Die Ausbringungsmenge passt sich automatisch der Fahrgeschwindigkeit an – je schneller die Fahrt, desto mehr Erntegut pro Minute gelangt in die Ballenpresse, und die bodengetriebene Pumpe fördert proportional mehr Konservierungsmittel. Dies ist die präziseste Methode, da sie unabhängig von Geschwindigkeitsschwankungen eine konstante Ausbringungsmenge pro Tonne gewährleistet. Die meisten OEM- und Nachrüstsysteme für Ballenpressen nutzen eine bodengetriebene Betätigung. Kalibrieren Sie das System, indem Sie die tatsächliche Pumpenleistung pro Meter Fahrt messen und mit der Zielmenge pro Tonne Erntegut vergleichen.
Die elektrische Pumpe liefert eine konstante Fördermenge unabhängig von der Fahrgeschwindigkeit. Bei gleichbleibender Pressgeschwindigkeit und gleichmäßiger Schwaddichte ist ein System mit konstanter Fördermenge ausreichend. Bei Schwaden mit variabler Dichte oder auf Feldern mit schwankender Fahrgeschwindigkeit führt die konstante Fördermenge bei dünnen Schwaden zu einer Überdosierung (zu viel Konservierungsmittel pro Tonne Erntegut) und bei dichten Schwaden zu einer Unterdosierung (zu wenig pro Tonne). Optimal ist die Anwendung bei gleichbleibender Fahrgeschwindigkeit und gleichmäßiger Schwaddichte.
Die Ausbringungsmenge wird anhand des verbrauchten Tankvolumens im Verhältnis zur geschätzten Gesamtmenge berechnet, anstatt den Durchfluss direkt zu messen. Weicht die Felddurchsatzschätzung bis 20% ab, weicht auch die Ausbringungsmenge um denselben Betrag ab – was entweder zu einer Unterbehandlung (Erwärmung) oder zu einer Überbehandlung (höhere Kosten, potenziell verminderte Schmackhaftigkeit durch zu hohe Säurekonzentration im Heu) führt.
2. Messen Sie das gesammelte Flüssigkeitsvolumen (ml). Umrechnung in Pfund: Propionsäure/Ammoniumpropionat = ca. 8,3–8,8 lbs/Gallone, abhängig von der Konzentration.

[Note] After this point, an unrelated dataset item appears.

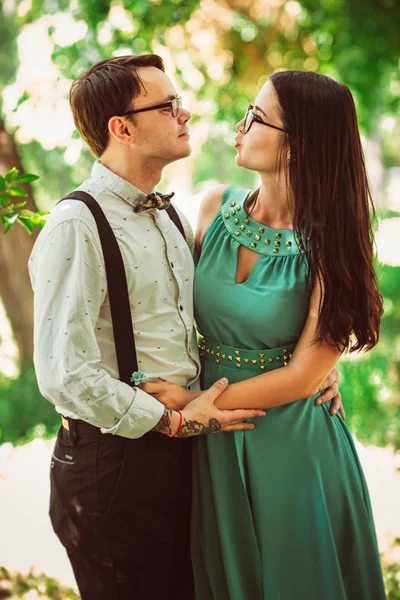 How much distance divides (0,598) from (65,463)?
64.7 inches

3. Schätzung des Ernteertrags pro 50 Fuß: Schwadgewicht pro Fuß (gemessen an der Probe) × 50 Fuß = Pfund Erntegut in 50 Fuß Schwad.

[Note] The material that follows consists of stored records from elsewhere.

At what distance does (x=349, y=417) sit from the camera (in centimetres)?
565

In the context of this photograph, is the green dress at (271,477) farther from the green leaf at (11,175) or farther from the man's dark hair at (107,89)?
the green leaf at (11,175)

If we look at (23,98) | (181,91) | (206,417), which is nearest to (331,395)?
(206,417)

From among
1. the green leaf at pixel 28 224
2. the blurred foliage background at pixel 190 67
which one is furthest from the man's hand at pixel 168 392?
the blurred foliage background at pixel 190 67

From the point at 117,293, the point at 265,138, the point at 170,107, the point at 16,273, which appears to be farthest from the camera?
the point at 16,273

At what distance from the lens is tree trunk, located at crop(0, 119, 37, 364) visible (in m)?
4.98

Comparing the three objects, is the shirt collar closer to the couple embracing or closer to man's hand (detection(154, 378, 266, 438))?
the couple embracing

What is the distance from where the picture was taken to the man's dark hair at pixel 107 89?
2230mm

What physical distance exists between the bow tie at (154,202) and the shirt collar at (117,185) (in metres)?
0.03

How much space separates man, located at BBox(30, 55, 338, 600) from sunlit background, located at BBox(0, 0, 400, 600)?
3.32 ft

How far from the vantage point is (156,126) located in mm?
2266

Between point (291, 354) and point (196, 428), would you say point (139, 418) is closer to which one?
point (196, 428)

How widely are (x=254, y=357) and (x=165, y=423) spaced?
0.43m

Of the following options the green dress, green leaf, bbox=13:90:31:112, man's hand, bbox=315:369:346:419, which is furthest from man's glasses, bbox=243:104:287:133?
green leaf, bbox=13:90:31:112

4. Berechnung der Konservierungsmittelmenge in Pfund pro Tonne: (lbs Konservierungsmittel pro 50 ft ÷ lbs Erntegut pro 50 ft) × 2.000 = lbs/Tonne Anwendungsrate.
5. Pumpenhub oder Geschwindigkeit anpassen um den Zielwert von Pfund pro Tonne für den gemessenen Feuchtigkeitsgehalt Ihres Heus zu erreichen.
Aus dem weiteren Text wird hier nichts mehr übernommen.